#### [Work to be completed]
Retype only the lines below from the one with "Hi there, and" to the one with "So that's it", inclusive, skipping every image.

━━━ Material provided ━━━

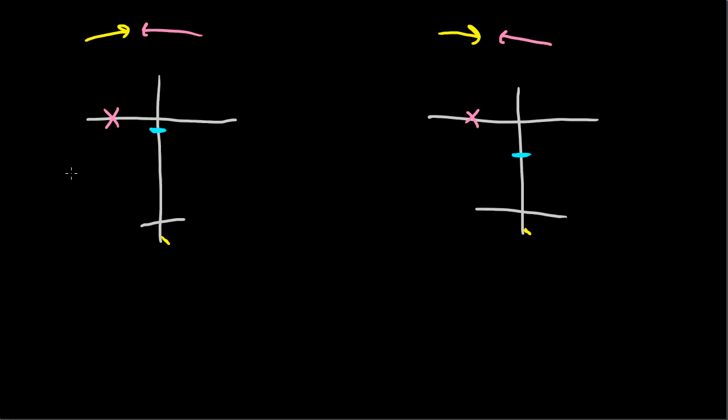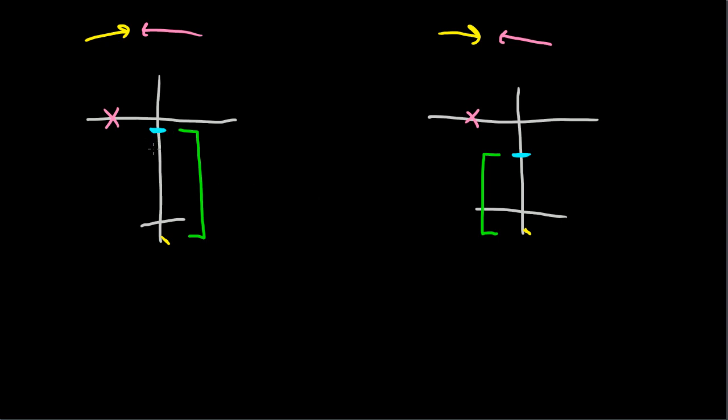Now, the question is, in which of these situations will the rudder be more effective? And the answer is, the one where it's further from the center of gravity. Why? Because, just like everything else in the plane, all rotation is about the center of gravity. Meaning, the airplane will pitch, bank, and yaw with the center of gravity being essentially the pivot point.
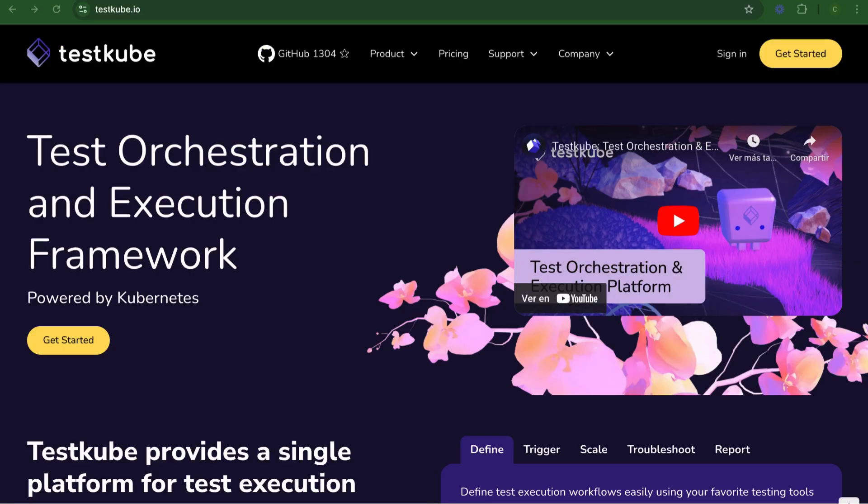Hi there, and welcome to Testkube. Testkube is a test orchestration and execution framework powered by Kubernetes.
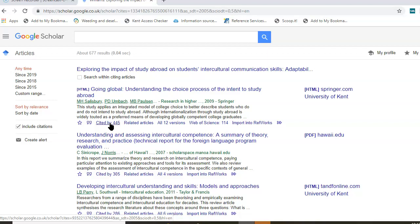So that's it for using Google Scholar. Thank you for listening. Please don't forget to have a look at some of the other resources within this site, particularly search strategies and some of the other library databases that are useful for you to know how to use.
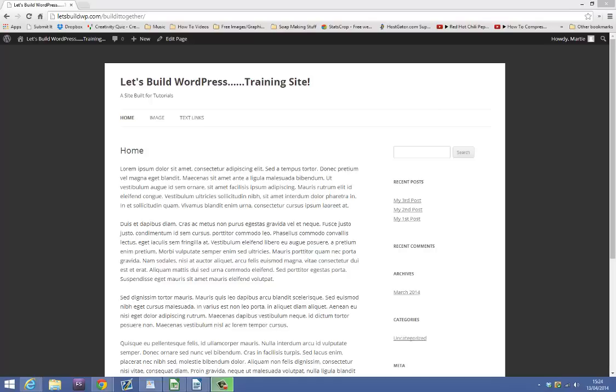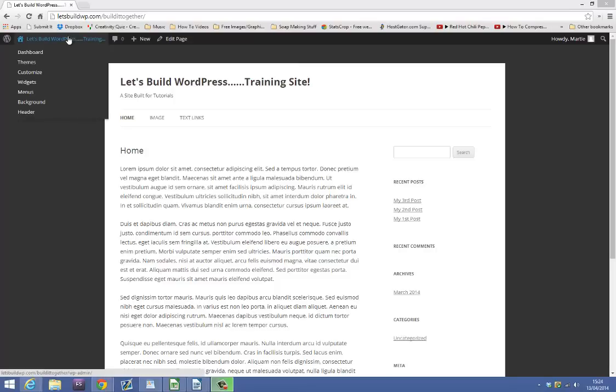So the first thing you need to do is make sure you're logged in and then you want to go to the dashboard by hovering over your website name at the top and clicking dashboard.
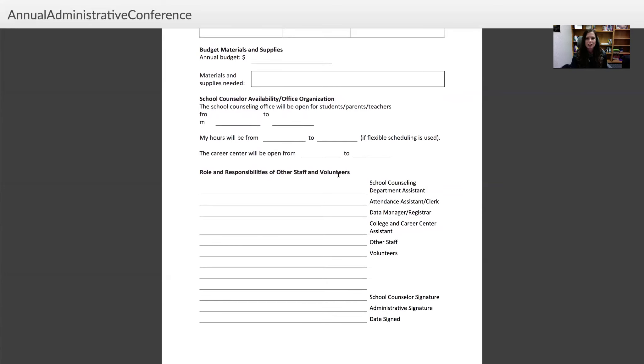You would also outline the roles and responsibilities of other staff and volunteers, then both you and the administrator sign and date the document. This really helps shape your program, and just thinking through all of this before you go in helps shape your program. It's a really useful and important meeting to have at the beginning of the year. That's how you complete your annual administrative conference agreement — if you have any questions, just let me know.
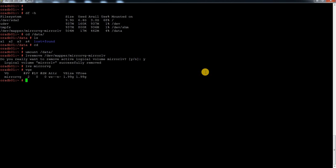When you create an LVM or make changes to it, it will write some data in a specific location regarding those changes. There is something called metadata in LVM which keeps track of your filesystem and LVM — when it was created, when it was resized, what the size is, and other information. Those metadata files are located by default in the /etc/lvm location.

━━━

#### [Response to this exercise]
Hi there, and welcome to Testkube. Testkube is a test orchestration and execution framework powered by Kubernetes.
So that's it for using Google Scholar. Thank you for listening. Please don't forget to have a look at some of the other resources within this site, particularly search strategies and some of the other library databases that are useful for you to know how to use.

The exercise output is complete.